Hundreds of bills are pending in 44 states, and laws or executive actions have been passed in 18 states that are intended to restrict or ban teaching about race, racism, gender and sexuality. Virulent attacks have targeted districts, school boards, schools, libraries and individual administrators, teachers and librarians. They are often led by non-parents and outside agitators working for political groups such as Moms for Liberty.

Whether these efforts are understood as the anti-critical race theory movementconflict campaign or culture wars targeting supposed woke education, the chilling effect on teachers and school leaders is real. Educators are confused about whether their state has passed laws that restrict teaching, what those laws say and how they might be affected by them. They are getting mixed messages as restrictions on teaching contradict the charge to strengthen the teaching of meaningful civics, controversial issues and honest history.

How can educators navigate often unanticipated attacks and strengthen curriculum, teaching and safe spaces that truly benefit all students and a democratic society? 

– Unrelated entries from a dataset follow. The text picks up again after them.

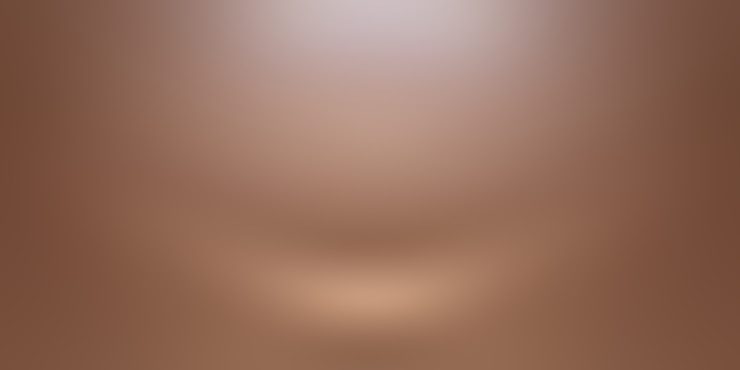 Photo gratuit conception de mise en page de fond abstrait mur lisse marron, studio, chambre, modèle web, rapport d'activité avec dégradé de cercle lisse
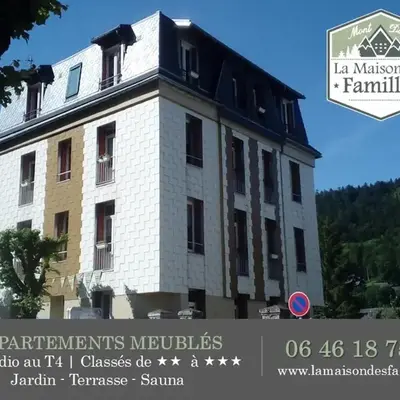 La Maison des Familles 10 appartements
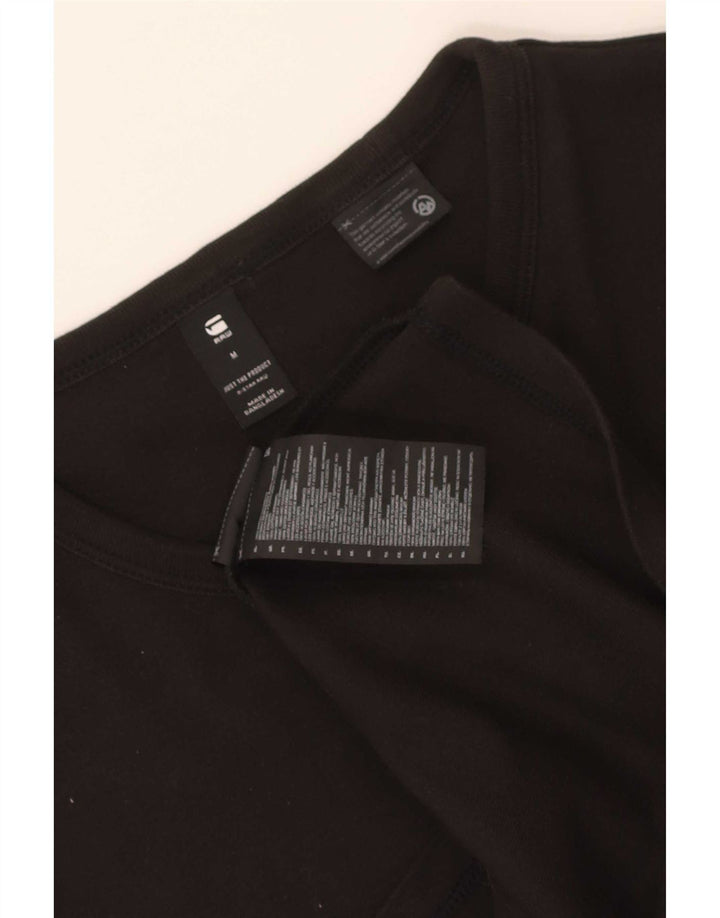 T-shirt da uomo G-Star Top in cotone nero medio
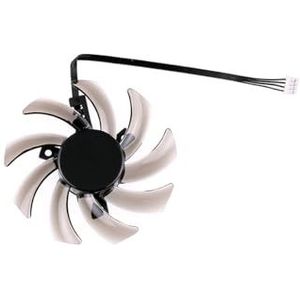 85MM GA91S2U koelventilator voor Palit voor GeForce GTX 1660 Ti RTX 2070 2060 SUPER DUAL grafische kaartkoeler(Black B-Fan)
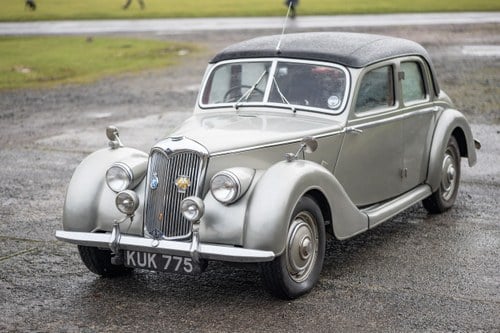 1953 Riley RME 1.5 à vendre (picture 12 of 155)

We recommend an approach called contained risk-taking. This involves working toward democratic aims in education while managing the risks of controversy. Teachers and school leaders promote civil discourse about significant issues so students learn how to examine, think critically about and discuss these issues with open minds. The curriculum teaches honest history that includes the experiences of traditionally excluded groups. At the same time, educators use strategies, such as selecting and framing for classroom inquiry and discussion, carefully choosing resources and pedagogical methods, and guiding discussion, to manage the risks that accompany teaching in this political climate. 

This framework for reflective practice, derived from a research project on preparing teachers for controversial issues, embodies contained risk taking and encapsulates these strategies. The research examined how four educators at universities in Northern Ireland, England and the Midwestern U.S. prepared teacher candidates for controversy in history, social studies and citizenship classes, and what those student teachers learned and put into practice. The framework is now used by K-12 teachers, school leaders and teacher educators. Here is specific guidance for educators based on five of its elements.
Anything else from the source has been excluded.